## Web page caption snippets
--- START ---
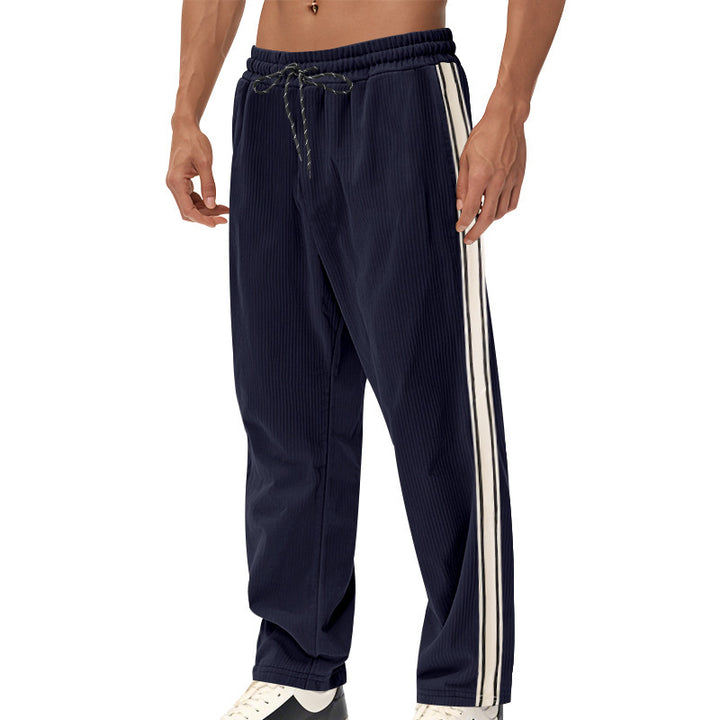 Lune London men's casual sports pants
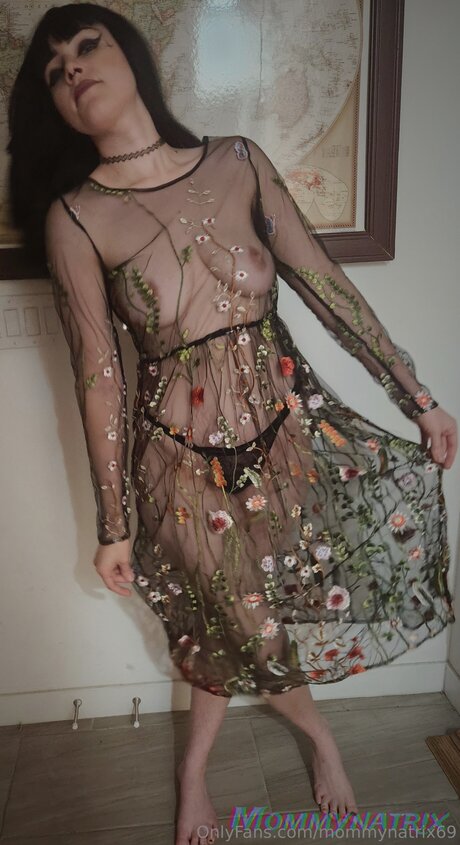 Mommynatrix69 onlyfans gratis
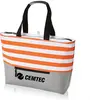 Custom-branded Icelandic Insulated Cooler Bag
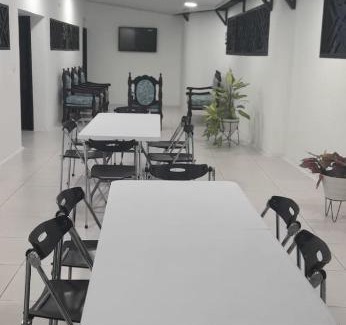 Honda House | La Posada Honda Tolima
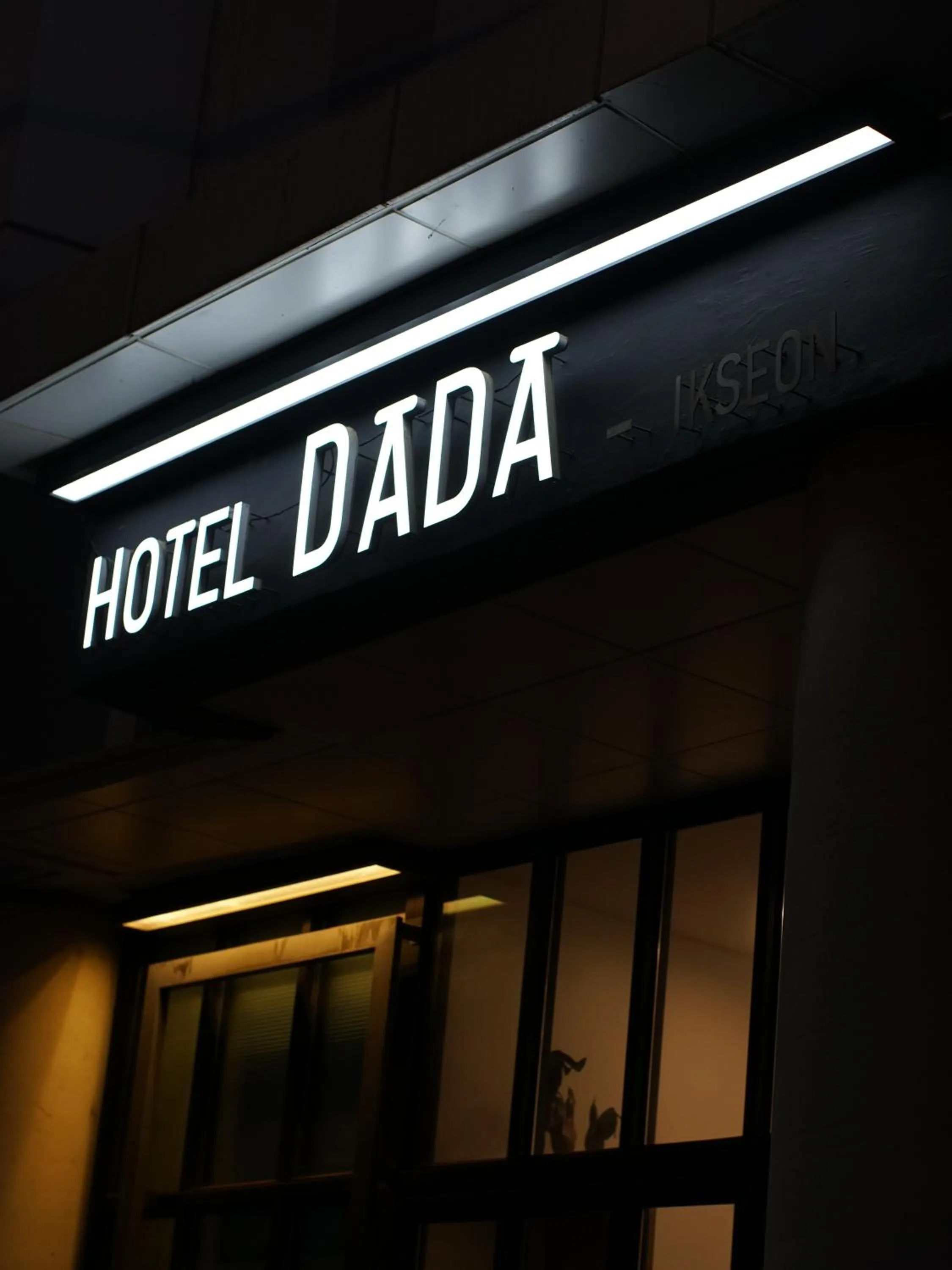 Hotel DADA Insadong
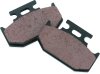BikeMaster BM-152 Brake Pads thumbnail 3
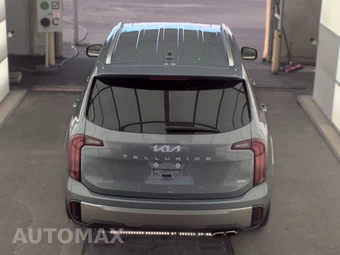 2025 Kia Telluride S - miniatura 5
--- END ---
## Exercise
Each entry above should be printed exactly, and any picture in it left out.

## Result of the exercise
 Lune London men's casual sports pants
 Mommynatrix69 onlyfans gratis
 Custom-branded Icelandic Insulated Cooler Bag
 Honda House | La Posada Honda Tolima
 Hotel DADA Insadong
BikeMaster BM-152 Brake Pads thumbnail 3
 2025 Kia Telluride S - miniatura 5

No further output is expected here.